I'm not remotely against technology, though. I just think technology can be used for different ends and people are trying to use it to prevent natural growth like a lich trying to fill a coffer with souls and maintain a state of undeath. That's not the only use for fantasy technology/magic (which is literally just technology people don't understand the mechanics behind in lots of older works of fiction.) Forget phase changes, what about punctuated equilibrium? That's not so much of a positivist metaphor but that's where my mind is. I find it difficult to forget that the environmental conditions for humanity have never been like they are now, either, and that's in multiple ways. The obvious one is climate change, but the other ones are more interesting and relevant in my opinion.
Just technology isn't limited to mechanical and chemical things even if you are only looking at technology, but I think the changes to the natural environment going on are more interesting than the technology being made. This is despite and perhaps also because I'm trying to work on some technology myself.
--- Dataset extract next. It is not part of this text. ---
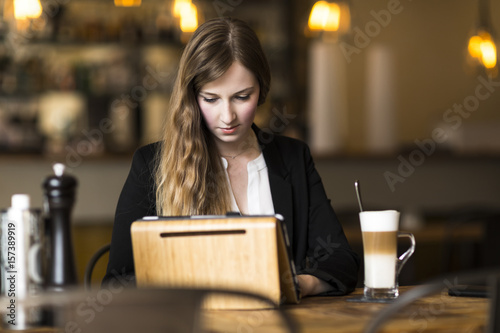 young business woman working at cafe at break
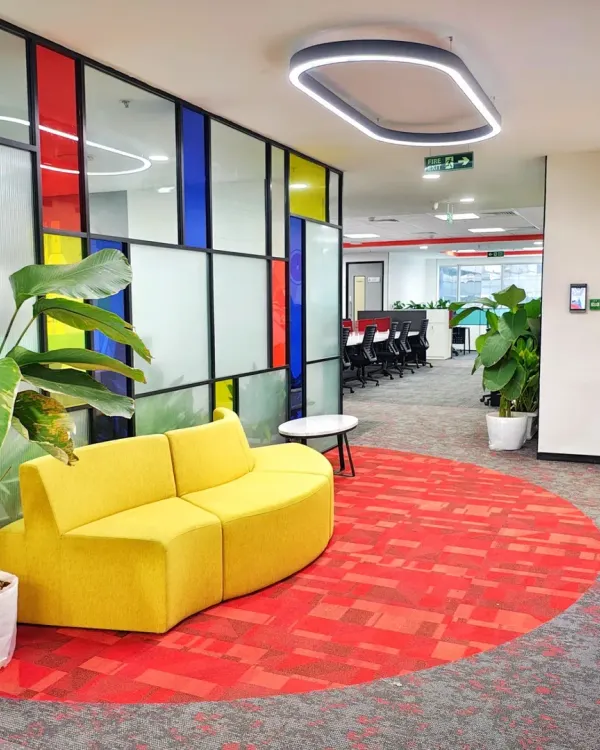 A vibrant lounge area in the Mindsprint office, featuring a curved yellow sofa set against a Mondrian-inspired colorful glass partition. The circular red carpet defines the space, making it a perfect spot for informal chats and breaks.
Next-word prediction algorithms are not very interesting and it's also completely unsurprising when they melt down when you yourself are slowly trying to make an AI that uses generative grammar models, for instance, and then do some measurements based on biophysics hypotheses to see how well it potentially lines up with human cognition and hypothetical other types of cognition. I guess I see technology as more of a byproduct than a driver of other changes. If that byproduct isn't there you're badly off but the real origin of progress is internal and mental in my view. Basically what I said about computing, AI is a buzzword because all computing is about intelligence, that's what distinguishes a computer from a machine like an engine whose purpose is locomotion for example.